Cette situation est d’autant plus préoccupante que le Tchad, pays enclavé, dépend à près de 80% du corridor camerounais pour ses importations. Les obstacles sont multiples : barrières réglementaires, délais administratifs interminables, coûts élevés des procédures transfrontalières, et racket policier systématique. Ces contraintes peuvent engendrer des coûts supplémentaires équivalant à ceux d’un voyage de 1043 kilomètres, soit environ 3,2 jours de trajet supplémentaires.

Cette situation impacte directement l’accessibilité des marchés d’écoulement et d’approvisionnement entre les deux pays, limitant ainsi les bénéfices potentiels de la Zone de libre échange continentale africaine (ZLECAf) en matière d’intégration régionale. La complexification des processus logistiques entraîne une explosion des coûts de transport, avec des tarifs au kilomètre pouvant atteindre le double de la moyenne internationale sur cet axe.

Les conséquences sont particulièrement lourdes pour l’économie tchadienne. Les retards et surcoûts se répercutent directement sur les prix des produits de première nécessité et la compétitivité des entreprises locales. Le rapport de la Banque mondiale précise que ces frictions entraînent des pertes d’accès au marché variant de 26% à 78% sur le corridor Cameroun-Tchad.

Face à ces défis, la Banque mondiale préconise la mise en place de postes à guichet unique entre les deux pays, regroupant l’ensemble des procédures nécessaires aux formalités d’entrée et de sortie. Cette approche vise à réduire les temps d’attente et les coûts de transport. L’exemple de l’Afrique de l’Est, qui présente le plus grand nombre de postes frontaliers à guichet unique et le niveau de commerce intra-régional le plus élevé du continent, pourrait servir de modèle.

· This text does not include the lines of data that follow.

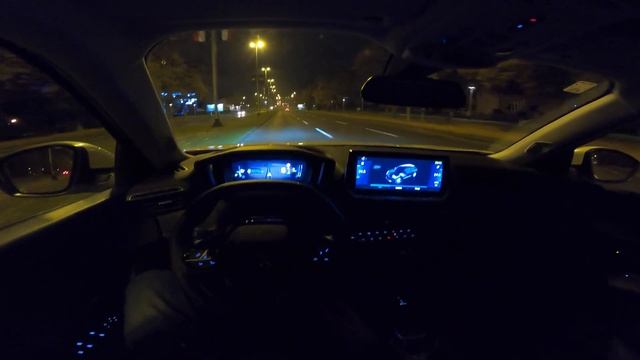 Peugeot e-2008 Allure 2021 - Night POV test & FULL review in 4K | Base LED headlights test смотреть онлайн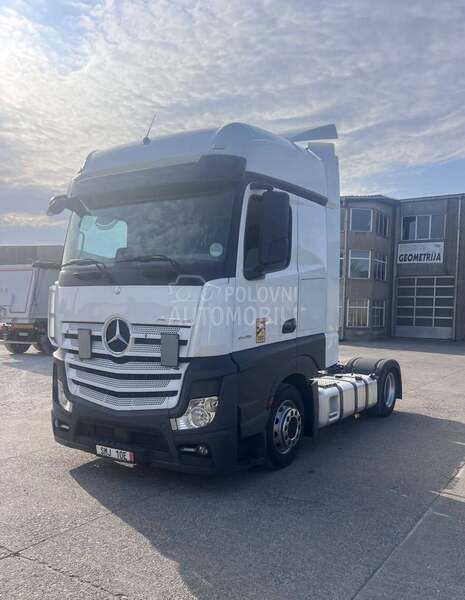 Mercedes Benz Actros 1845 LowLiner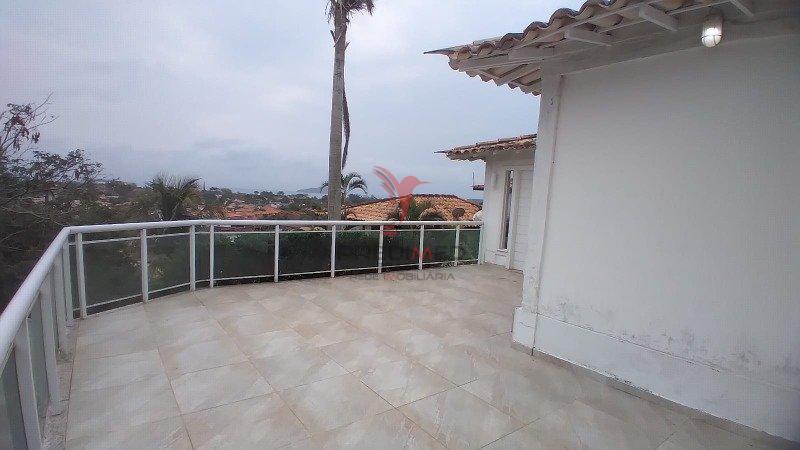 Casa à venda com 3 quartos, 360m² - Foto 2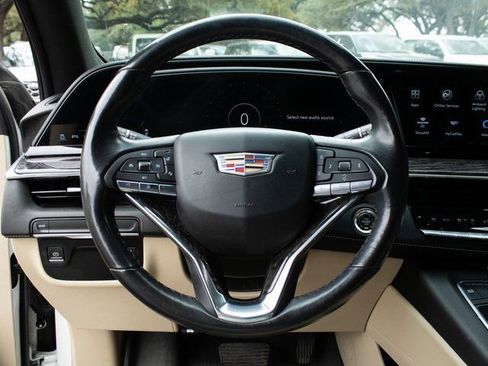 Used 2021 Cadillac Escalade Premium Luxury w/ LPO, Illumination Package image 9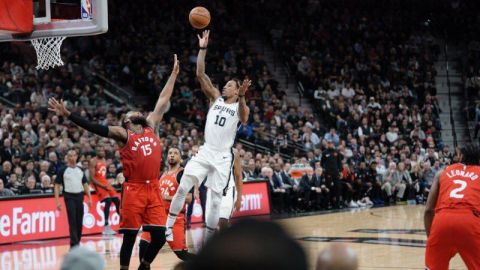 DeRozan logra triple doble: Spurs vencen a Leonard y Raptors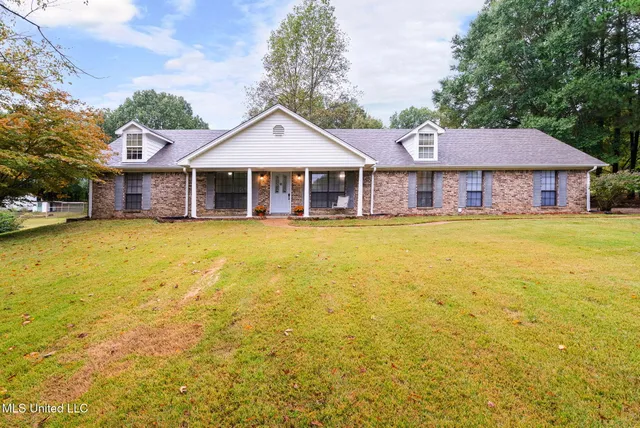 $274,900 | 6371 Tranquil Drive, Olive Branch, MS 38654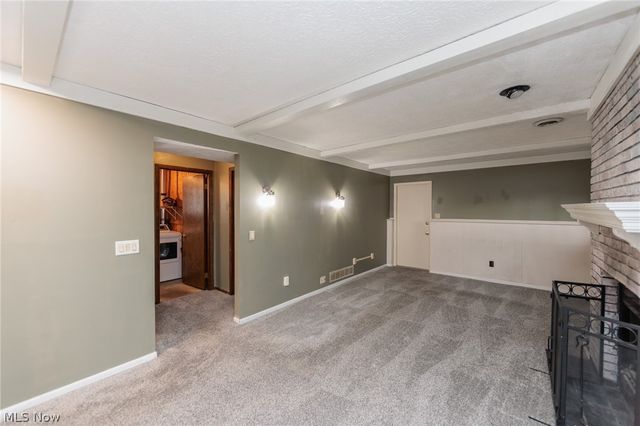 1010 Royal Drive, Amherst, OH 44001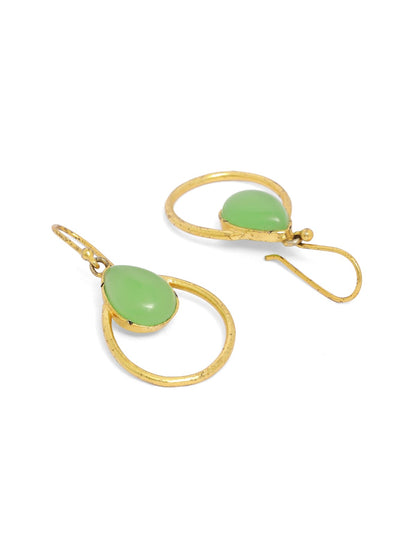 Grapes Aventurine with pearl hook earrings in Sterling Silver with micron plating.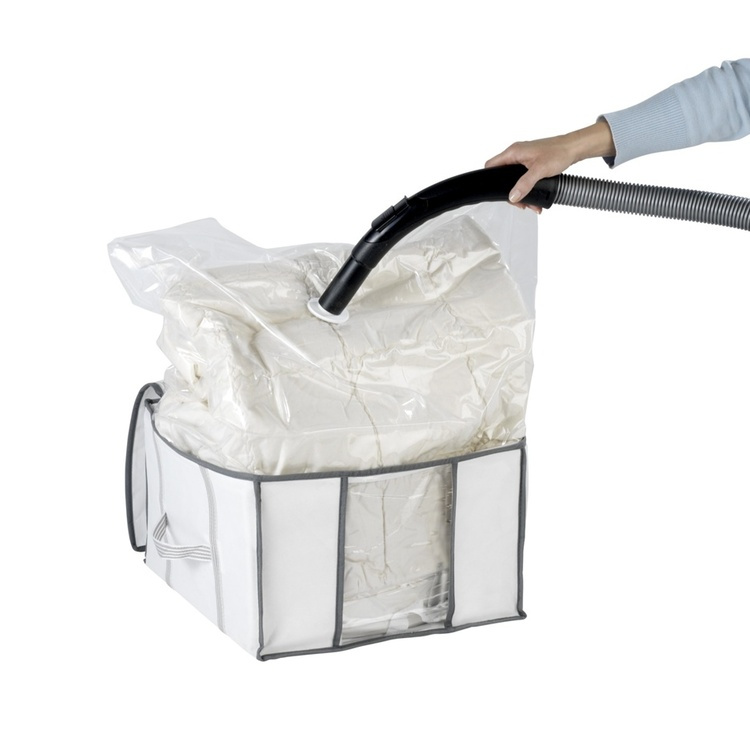 Låda med vakuumpåse, SOFT BOX, SMALL, 42 x 40 x H 25 cm, Vit i gruppen Förvaring / Garderobsförvaring / Vakuumförvaring / Lådor med vakuumpåsar hos SmartaSaker.se (41826)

Cependant, cette solution ne suffit pas à elle seule. D’autres obstacles persistent, notamment le manque de coordination entre les administrations camerounaises et tchadiennes, les divergences entre politiques commerciales et le déficit d’infrastructures routières. Un rapport de l’AFC (Africa Finance Corporation) révèle d’ailleurs que le réseau routier bitumé en Afrique ne représente que 1,5% du total mondial, une situation particulièrement visible sur l’axe Douala-N’Djamena.

L’amélioration des échanges entre le Cameroun et le Tchad nécessite une approche globale incluant la modernisation des infrastructures, l’harmonisation des procédures douanières et une volonté politique forte des deux pays. Sans ces changements structurels, le corridor continuera d’être un frein majeur au développement économique de la sous-région.